Task objective: Please write out exactly the line containing "Vates Collard Seeds" below and every line after it, through the last one, but leave out any pictures.

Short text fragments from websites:
--- --- ---

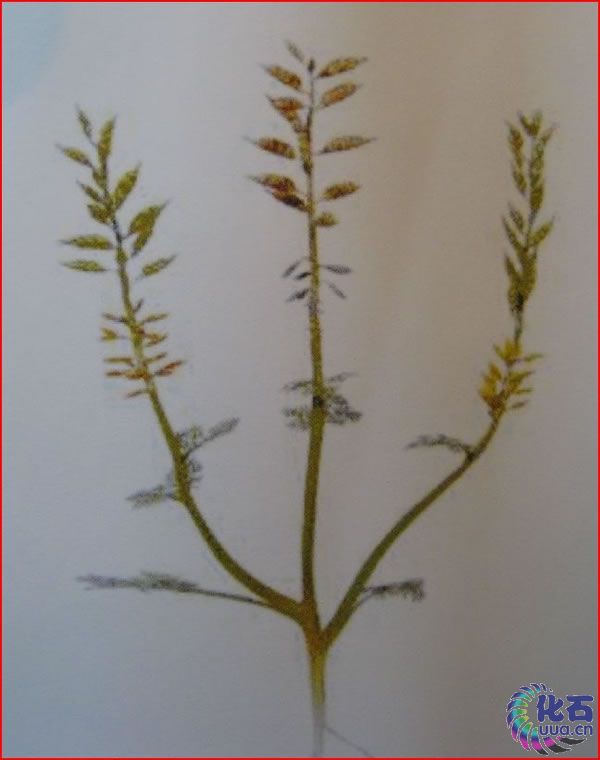  p>辽宁古果archaefructus liaoningensis sun et al.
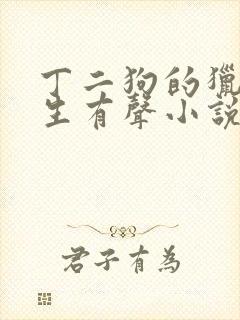 丁二狗的猎艳人生有声小说封面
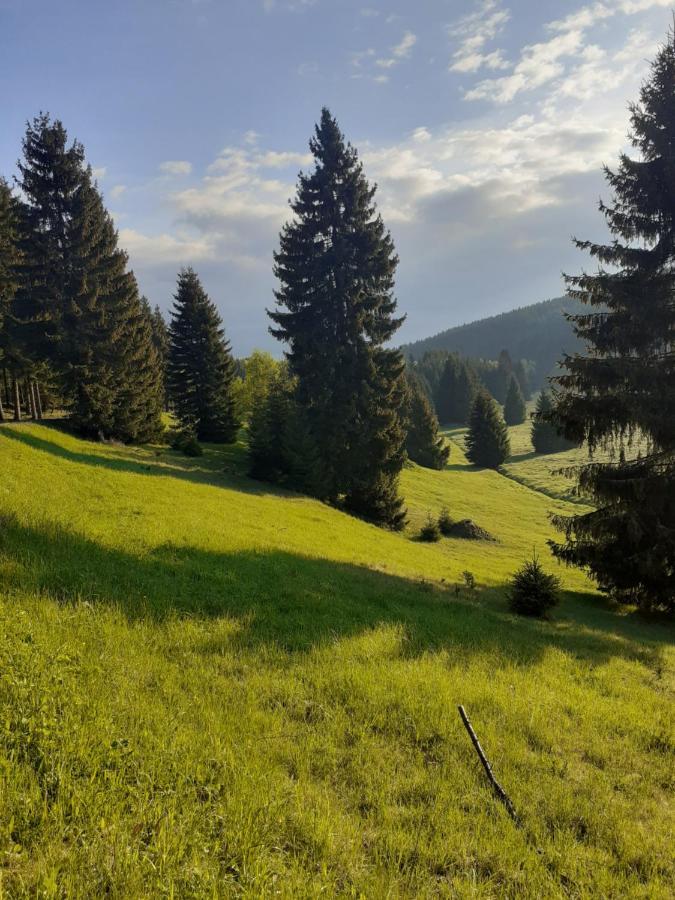 Chalupa U přátel Kovářská Esterno foto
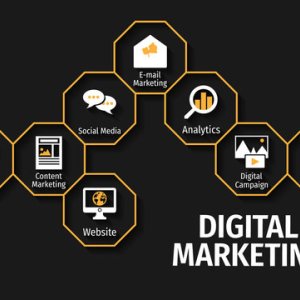 Maximize Your ROI with Our Digital Marketing Expertise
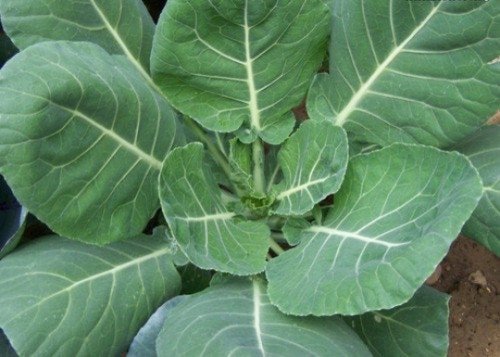Vates Collard Seeds Collard Greens Non Gmo Heirloom  Easy to Grow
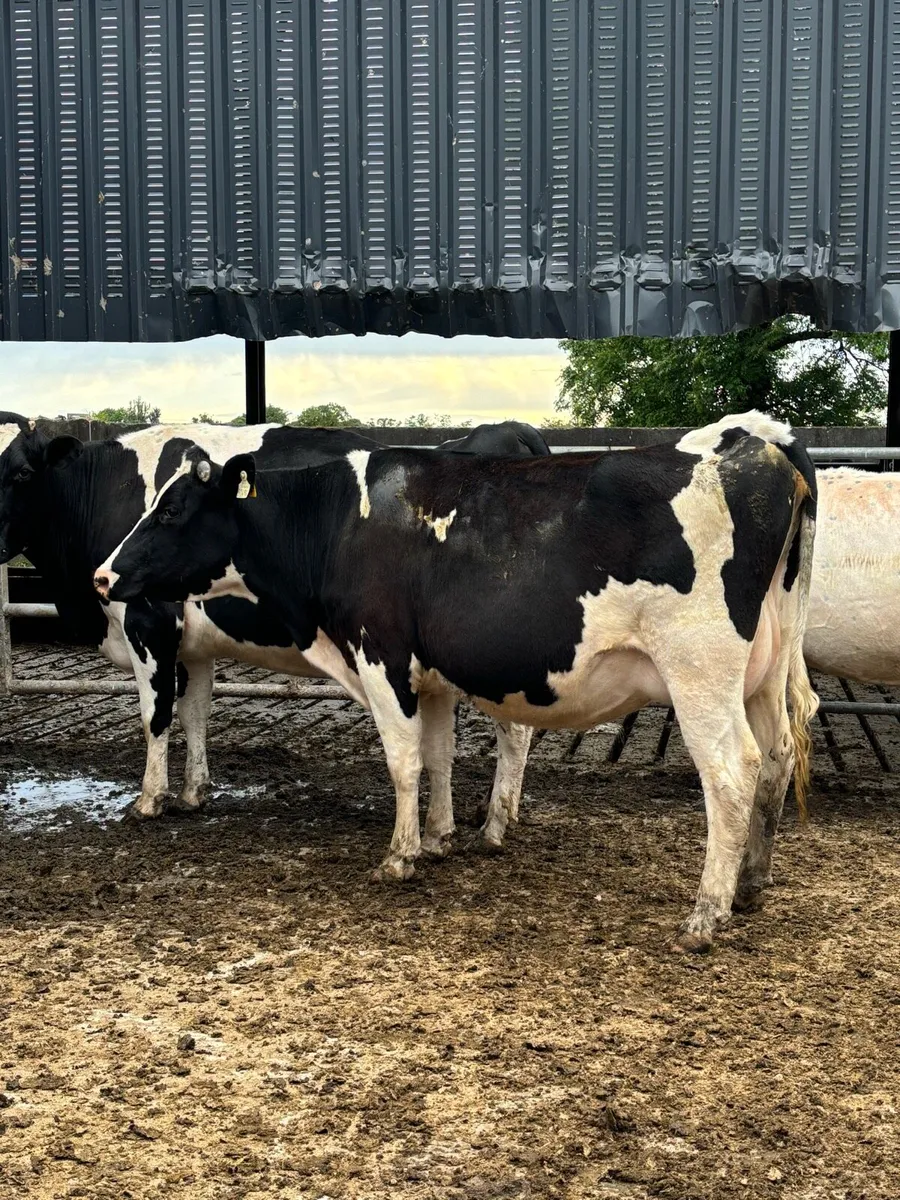 Springing cows/ Heifer - Image 4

--- --- ---

Answer space:
Vates Collard Seeds Collard Greens Non Gmo Heirloom  Easy to Grow
 Springing cows/ Heifer - Image 4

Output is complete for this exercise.